We’ve now had four written tests and our first practical/hands on exam too. I did great on three out of the four written, and got an 80 on one that I think was pretty poorly written and unfairly graded. But written tests are only 10% of our total grade, and I’ve done well enough on the others that I don’t think I’m going to care. I do plan to write a note to the instructor just to get some things off my chest (nicely!), but I don’t care if she doesn’t change my grade. It doesn’t help at all that I got that test back on what had to be my worst day here. More on that in a separate post.
Heel on leash
One minute sit/stay
Three minute down/stay
Five minute place/stay
Sit at the door
Sit while friendly stranger greets handler
Recall
The down was the scariest. We were taught to train it using treats, and we had about a week to go from “yes, my dog will lie down when asked” to “my dog will stay in place as long as I leave him there, up to 3 minutes.” That’s a pretty significant leap. Joker turned out to be the bigger nightmare. Sugar seems to have figured out that, even when I step more than 3 feet away, I still almost always come back, and I bring food with me when I do, so she’s pretty chill about the stays.
But Joker was a lunatic. He got the sit pretty quickly, and we’d been working on place for so long that all I really had to do was phase out the treats, which wasn’t to hard. But down was a disaster. He would mouth all over me as I was putting him in position, he would bounce up the second I moved, he would roll on his back and throw a tantrum, he even learned to army crawl towards me when he started getting bored. So we worked REALLY hard at down, and on test day I would have given about 50/50 odds that he’d actually do it.
We had to test both dogs, and I did Joker first. My thinking was that I was much more nervous about him, and Sugar is much more sensitive to me, so if I went in nervous with her, she might screw up too.
First was the five-minute place. We all placed our dogs and all hell broke loose: barking, whining, dogs breaking. Blessedly, the instructor gave us a redo, and told anyone who wanted to move away from a dog that was antagonizing their dog to do it now. The second round went much better for everyone. Joker was perched, as is his wont, on the slippery edge of the place bed looking at me, and suddenly he started to slip. So I stood there helplessly as he scrabble-scrabble-scrabbled his little feet on it, and somehow he managed to stay on. Phew. Actually, I was even able to appreciate in that moment how cool this was. Not only did he not break his place stay, he very clearly demonstrated that he gets it.

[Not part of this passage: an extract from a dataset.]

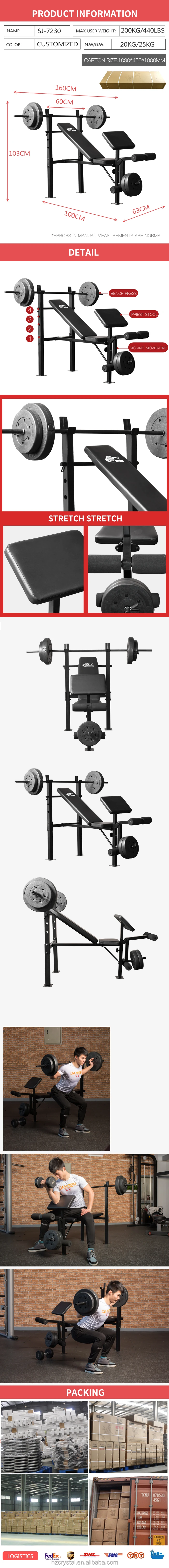7230 Weight bench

He knew the rules well enough to work hard to stay on the bed when gravity was working against him. Good little dog!
During the place exercise I was next to roommate M, whose dog, Heath, decided that this would be the day that he discovered how delicious leather leashes are. So we both stood their amazed as he chewed right through the leash. She totally deserves extra credit for an off-leash place, because he spent the last minute or so totally not connected to her, but stayed right where he was. She had to borrow a leash to finish the test.

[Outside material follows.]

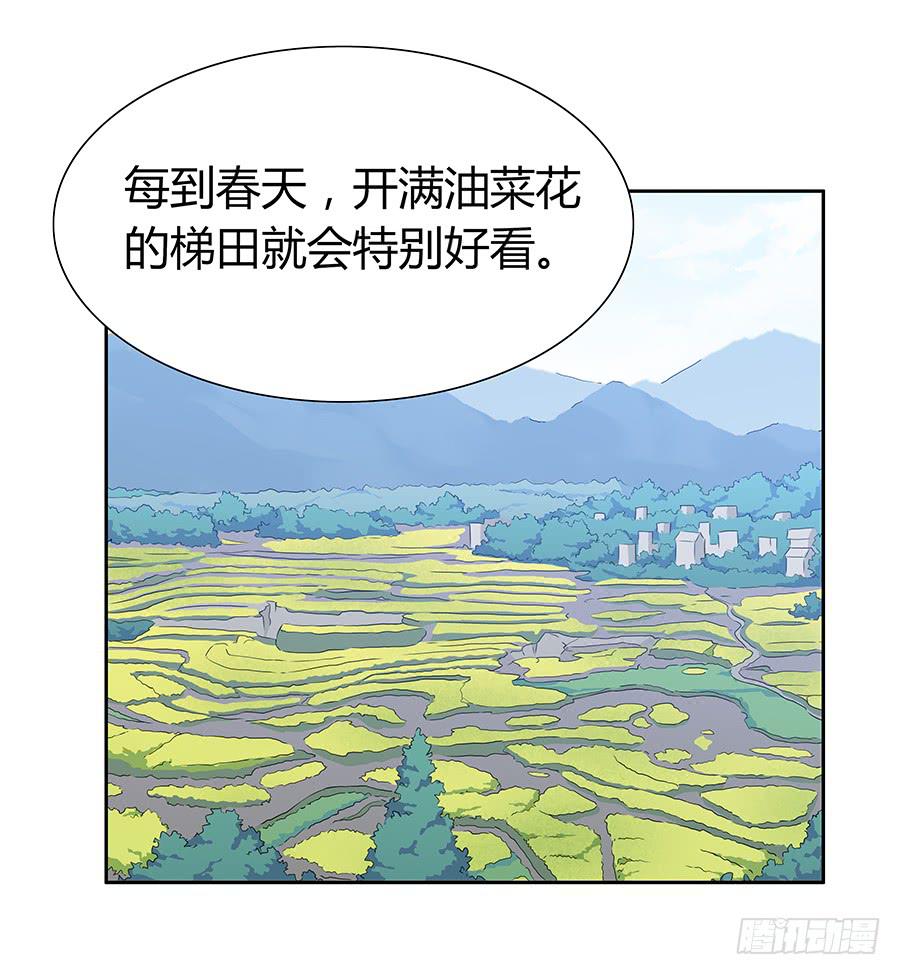 🍔恋爱云书 063她的往事 第20页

The sit was next and went fine, and the down was similarly uneventful. I could not believe my good fortune. In fact, the whole rest of Joker’s test was astoundingly good, and the instructor told me that his recall was the best one she’d seen all day. Woohoo!

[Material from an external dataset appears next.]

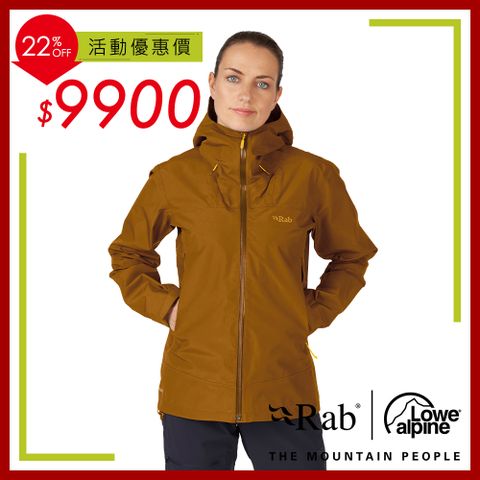 RAB Namche GTX Jacket W GTX防風防水連帽外套 女款 足跡褐 #QWH78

So we did our victory lap and I walked back to put Joker away and get Sugar, thinking “this is going too well, what kind of crazy stunt is she going to pull?” But she was her wonderful reliable goofy self, and did everything nearly perfectly. She was a bit laggy on her heeling, but kept catching up with me, which I also found pretty cool because it made me think that she actually does know what heel is supposed to look like, even if she's sometimes to lazy to actually get herself there. The only other thing was that when I put her into a down, she popped back up slightly, and I had to readjust her. If anyone saw it happen, I probably lost a point or two.
But all in all, I could not have been more proud of my dogs and myself. We all worked really hard in the week leading up to the test. Of course I know there was a fair bit of luck in it too, because there were plenty of dogs who didn’t do nearly as well as I expected them to based on past performance, so I’m thanking the stars as well.